:: WHAT YOU HAVE TO DO ::
Take the listing below and output it exactly, with no images.

:: TASK INPUTS ::

☆ ☆ ☆ ☆ ☆

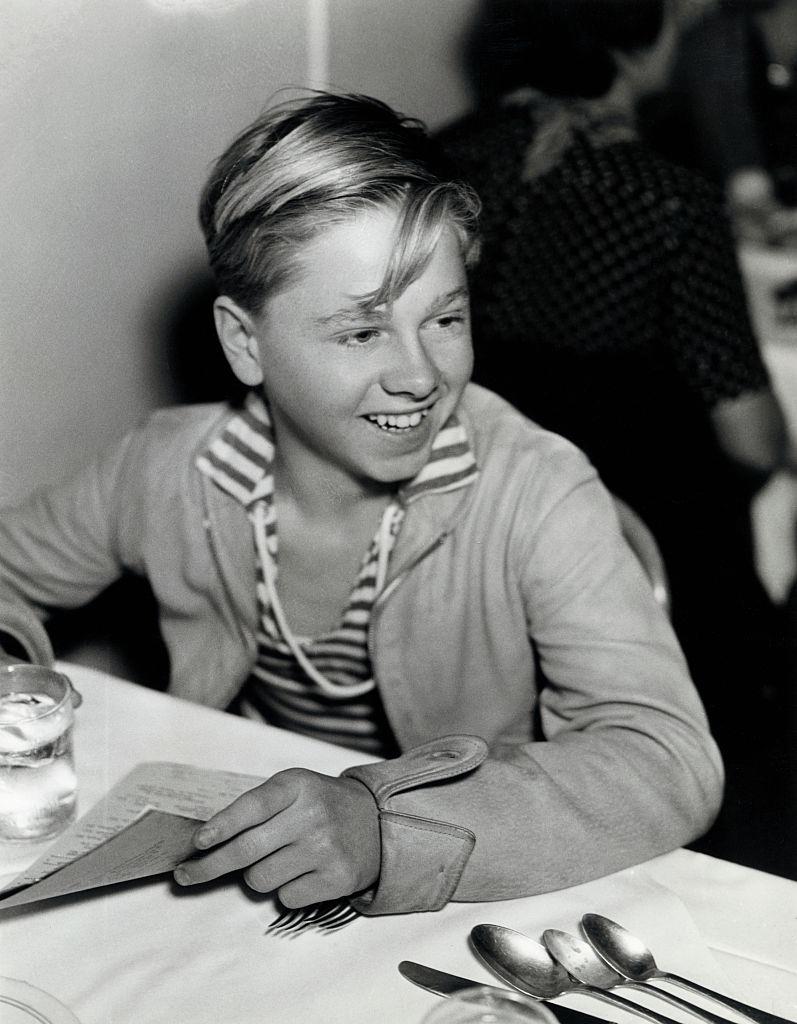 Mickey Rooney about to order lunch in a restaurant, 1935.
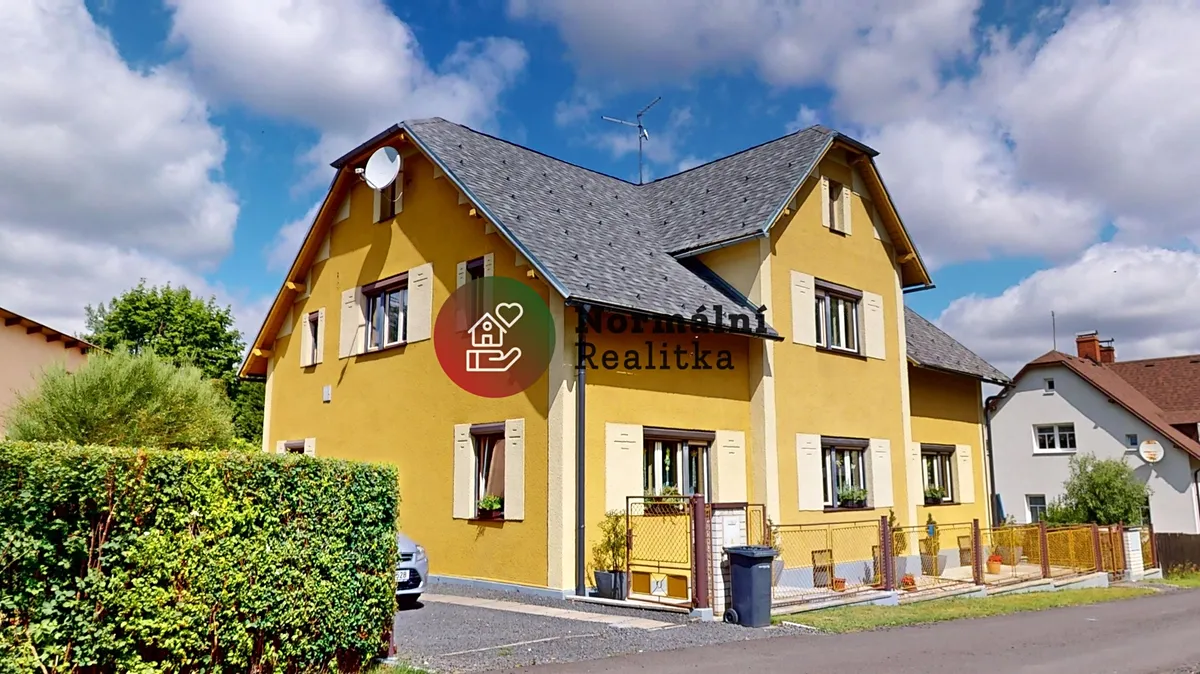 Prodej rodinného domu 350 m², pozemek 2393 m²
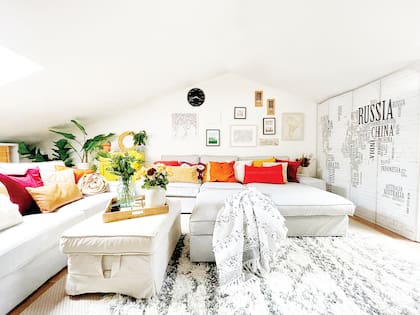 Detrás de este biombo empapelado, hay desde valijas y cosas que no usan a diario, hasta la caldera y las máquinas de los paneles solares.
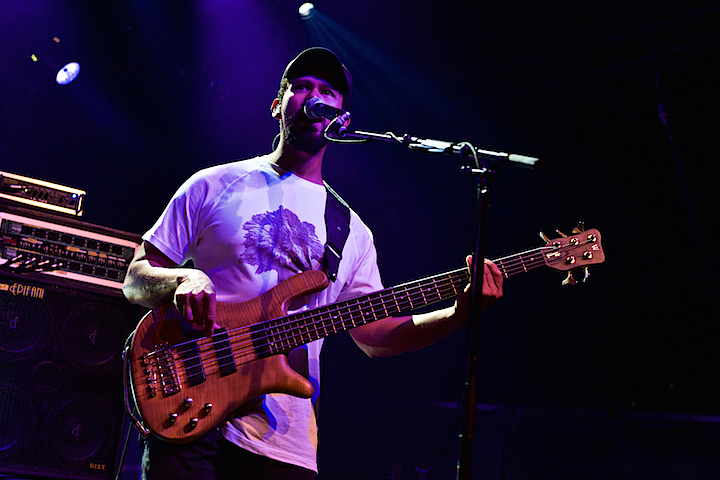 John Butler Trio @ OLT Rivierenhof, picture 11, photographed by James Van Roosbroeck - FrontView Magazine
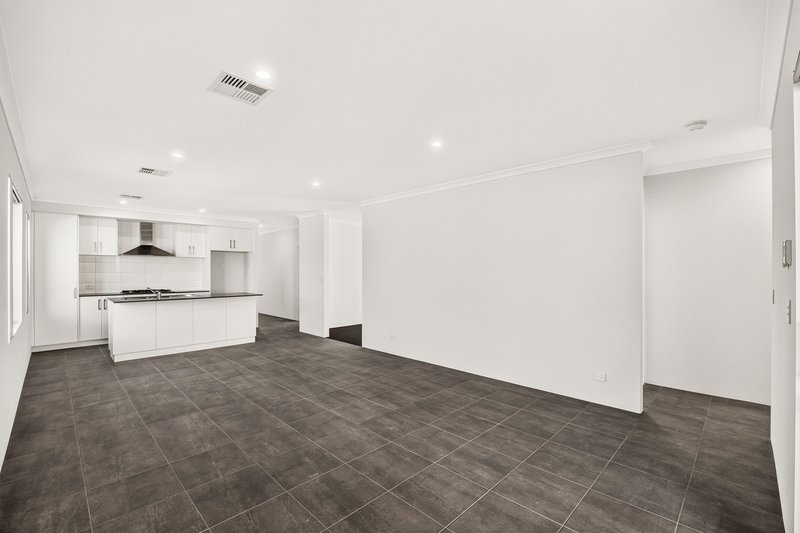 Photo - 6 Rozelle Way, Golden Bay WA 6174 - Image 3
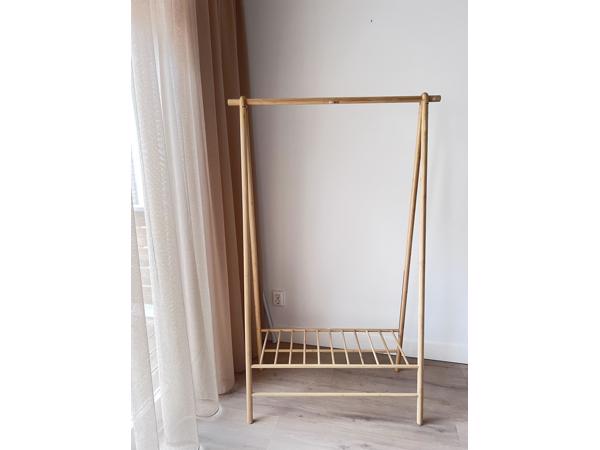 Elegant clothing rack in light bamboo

☆ ☆ ☆ ☆ ☆

:: EXERCISE RESULT ::
 Mickey Rooney about to order lunch in a restaurant, 1935.
 Prodej rodinného domu 350 m², pozemek 2393 m²
 Detrás de este biombo empapelado, hay desde valijas y cosas que no usan a diario, hasta la caldera y las máquinas de los paneles solares.
 John Butler Trio @ OLT Rivierenhof, picture 11, photographed by James Van Roosbroeck - FrontView Magazine
 Photo - 6 Rozelle Way, Golden Bay WA 6174 - Image 3
 Elegant clothing rack in light bamboo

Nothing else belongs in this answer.